Our gastronomic society organised a dinner at a new restaurant (Wood Restaurant) which appeared during the summer and which was created by a wonderful chef - and friend, but this is not a plug! - Mr. Michalis Dounetas. Michalis is a rarity among top Greek chefs in that not only is he modest and unpretentious, but he is also extremely knowledgable, hard-working and eager to learn more about his craft.

So the friends of Dionysus gathered there on a very autumnal Tuesday evening to partake of a very meaty dinner - Wood specialises in meat and ethical sourcing - accompanied by two superlative wines and an unusual (for us) Bulgarian fine aged plum alcohol. This was not a meal of complexity and prissy dishes; rather, this was earthy, strong in taste and simply but effectively presented, the quality of the ingredients and the sure hand of the kitchen the guiding lights. I must say we ate extremely well.

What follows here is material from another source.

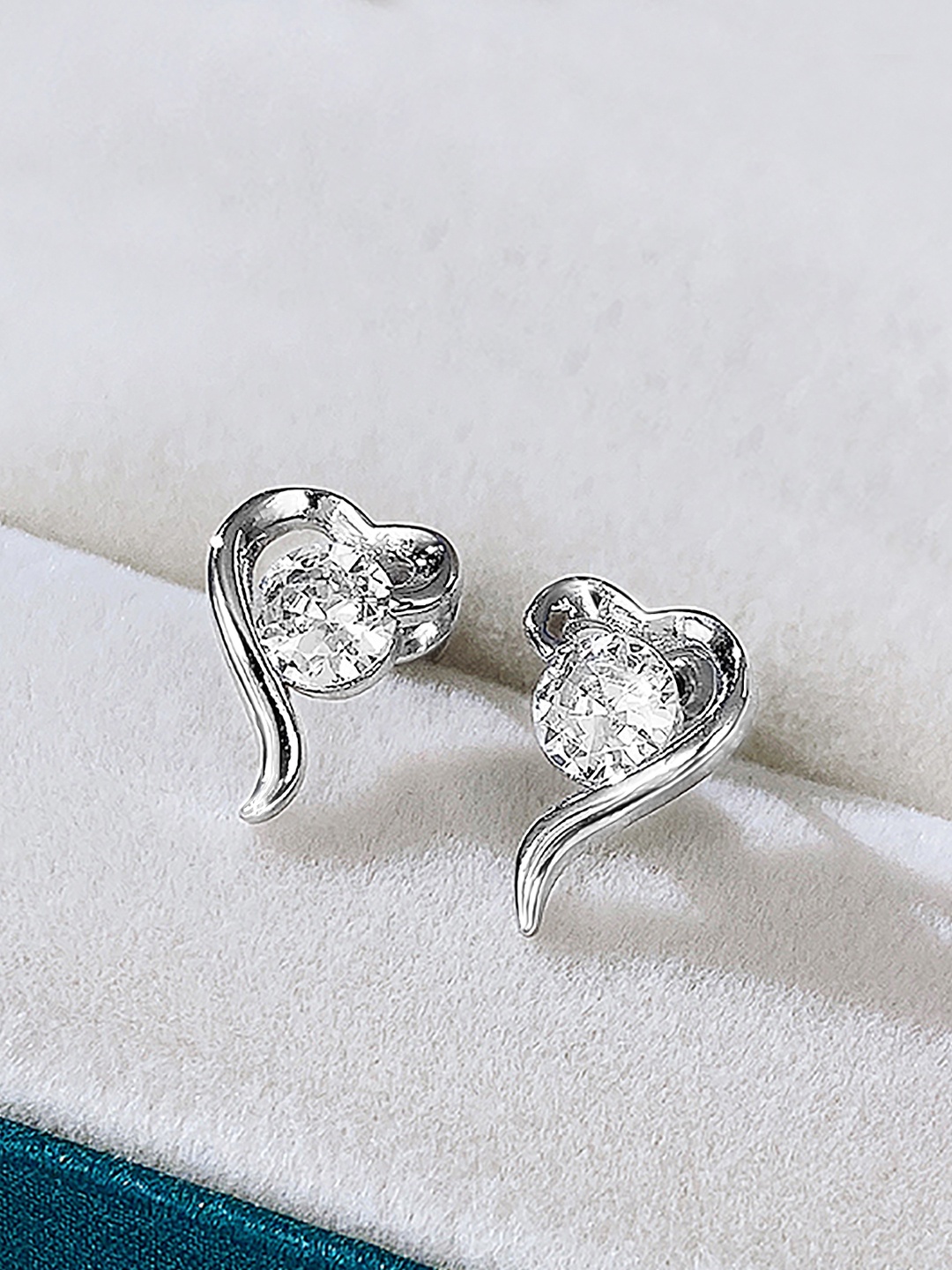 

Peora Silver-Plated Contemporary Studs Earrings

The first course of a home-made Bresaola (from Greek animals) was excellent in texture and the little vegetable bits  meant that it was bursting with flavours, but the accompanying wine was, if anything, even better - Vientzi 2016 Savatiano from Papayiannakos, the enterprising biodynamic producer in the ancient winemaking area of Mesogeia, near Athens. Savatiano is a long-ignored grape variety, largely because of the crime of being a basic component of retsina, but also because when grown for mass production and vilified thus it produces a flabby, clean but characterless liquid. This is not the case here, with a single vineyard wine produced from very old vines (over 50 years old) in a dry climate, and loving, careful vinification, the result being a stunning, complex, mineral yet fresh white wine that gives layer upon layer of taste, is extremely long and will age, I think, beautifully. If you can find it, drink it and you'll not regret it, this is a superb Greek wine at an extremely reasonable price.

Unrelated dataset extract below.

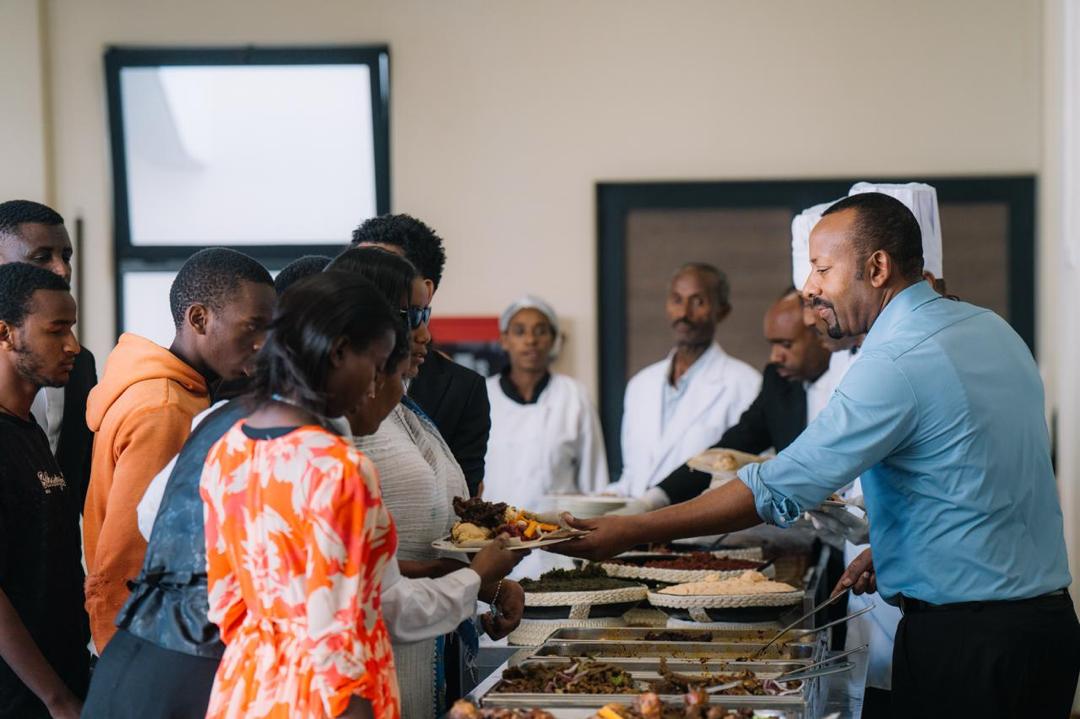 AbiyAhmedAli's tweet photo. On the blessed occasion of Ethiopian Christmas (Genna), First Lady Zinash Tayachew and I were honored to share a holiday meal with the students of the Sheikha Fatima Bint Mubarak School for the Blind. Spending this special morning together was a powerful reminder of the true meaning of the spirit of Genna.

Our second course was a small rib of beef, cooked to fall off the bone and paired with kritharaki (orzo), both soft and joyously tasty, a rather peasant dish that gave lots of satisfaction. This was followed by a small beef medallion served with a stuffed mushroom on top, a delicate sauce and some vegetables, simple and to the point, lovely textures and tastes combining for a very successful end product. These two courses were magnificently accompanied by a quirky red wine from Greece's most individual and wonderful winemaker, Economou from Crete, whom I have praised in a previous post as my loyal reader knows. This was a Liatiko 2006, light brick and red in colour but bursting with flavours, complex and beguiling, red fruit and spices, taste that goes on and on, soft yet full, utterly delicious. Drink it if you can find it, of course, but that is an unlikely event and one of the reasons why our - the Friends of Dionysus - events  are so special - you can taste things with us that are simply not available to anybody else, at any price!

The sweet was a baba steeped in the same brandy as the one served, but slightly younger, so this was an excellent match for the rather fine - much finer than any similar drink I've tried - plum brandy, which was delicate but full of taste.